5 thoughts on “Connecting to BPD (even when it’s seriously unpleasant)”

  1. I feel strangely like I’m repeating myself 😉
    This is an excellent post, as you’re right, it’s easy to stop communicating once things are better, and yet it’s so important to keep highlighting lessons learned, and how to go on in the hope of trying to ensure that things remain ‘better’!
    I loved the idea of weaving the BPD parts into an integrated whole. I’m slowly realising that I need to do that with a whole range of different parts of me and of my life. So far I have always kept everything very compartmentalised and black and white, and either keep things locked away, or in particular boxes that only come out when particular personae are at the fore, or particular roles are being inhabited (e.g. ‘work me’). But I need to try and figure out a more integrated person, and that includes all the BPD stuff…..
    And point 3) is COMPLETELY me, in every way….
    Thank you for continuing post – it’s always fantastic to read and hear more 🙂

    1. Thanks once again for reading!
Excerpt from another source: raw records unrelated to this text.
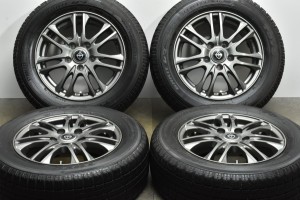 中古 スタッドレス タイヤ ホイール 4本セット 15インチ 6J +43 PCD 114.3195/65R15 91Q Weds 製ホイール【 トーヨー 製 スタッドレスタ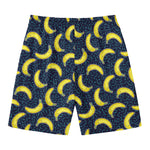 Banana Fruit Pattern Print Men's Swim Trunks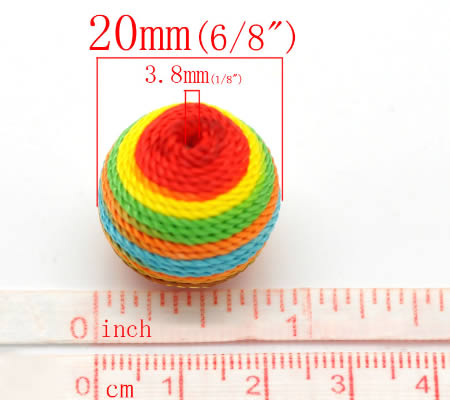 1x Acryl stoffen Kraal Rond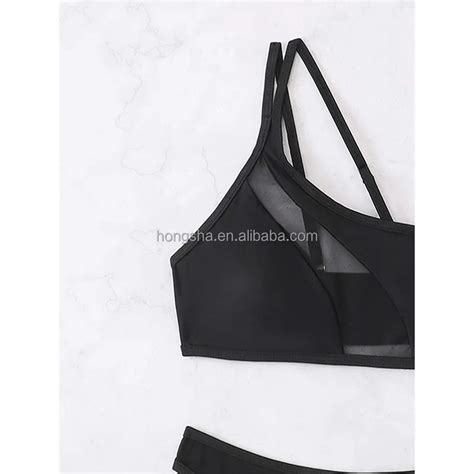Summer Contrast Mesh Transparent Bikini Swimwear Women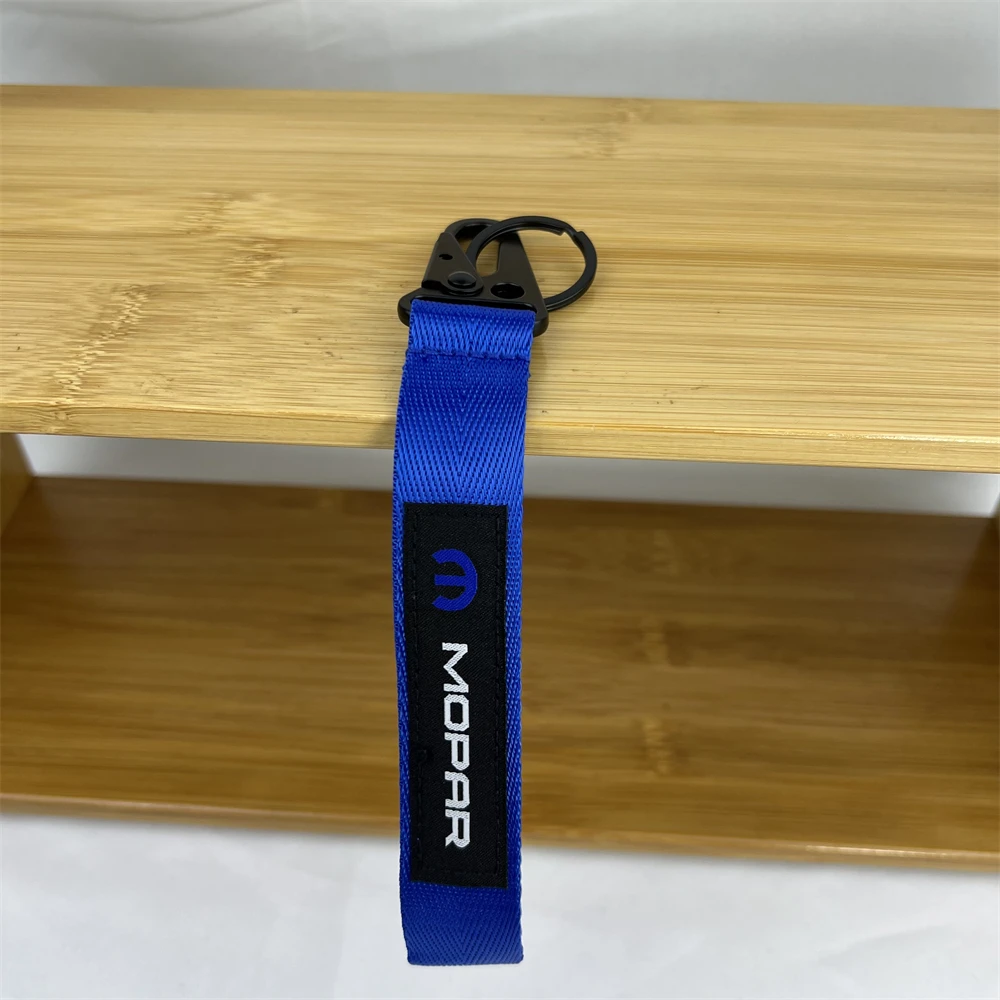 

Автомобильный брелок, нейлоновый брелок, тканый ремешок для ключей, ремень для ключей, кольцо-бирка, короткое украшение для MOPAR Chrysler, автоаксессуары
I know, I definitely have a ‘work me’ as well that is oddly capable of suppressing just about anything to do random, pointless tasks. And that’s a perfect example of how I’m not always sure total self ‘integration’ is even the best idea – am I supposed to embrace emotional health ALL the time – like even when it would be totally unprofessional to do so? I’m sure there are healthy ways to do it (even just answering someone with, “You know, I’m not having the best week” instead of “everything is great”) but I find it hard to walk that line…

  2. It’s odd having to connect with something that nearly killed me. A few weeks ago, I was the most suicidal I’d ever been in my entire life. If I had had a good method I wouldn’t be here. Luckily, or maybe unluckily not sure about this whole life thing, I didn’t. I suppose I’m moving my hatred away from lethal self hatred to hatred of my pain. For me, it’s much better to be angry than hurting myself. And I’ve been using this anger to make my pain smaller. I’m very tired of it, and I don’t want it around anymore. I’m limiting it’s power over me. The best thing I’ve found to do is to acknowledge it but also ignore it. Understand that it’s there, but give it nothing. And then go feed the healthy parts of my mind. I hope that makes sense.

    1. Heatherplant, so glad to hear from you and that you’re still here. I like that advice very much… hating the pain instead of hating oneself. My therapist says that the eventual end goal of therapy (her kind anyway) is exactly that: to just get so tired of carrying the pain around that you are willing to put it down at last. I can’t picture parting with mine yet but I believe it is possible; even if it will never be truly ‘gone’ (which I would find insulting and dismissive), I don’t have to carry it everywhere with me forever (I hope)… sending you lots of hugs.

  3. Keeping up with therapy and acknowledging feelings have both been critically important for me. About managing BPD and non BPD parts, that is an interesting question. I think about it differently – that BPD is not really a distinct or valid medical diagnosis, but rather a continuum or spectrum where one can be more or less “borderline” at different times. I believe that BPD parts can change into non BPD parts and stay that way.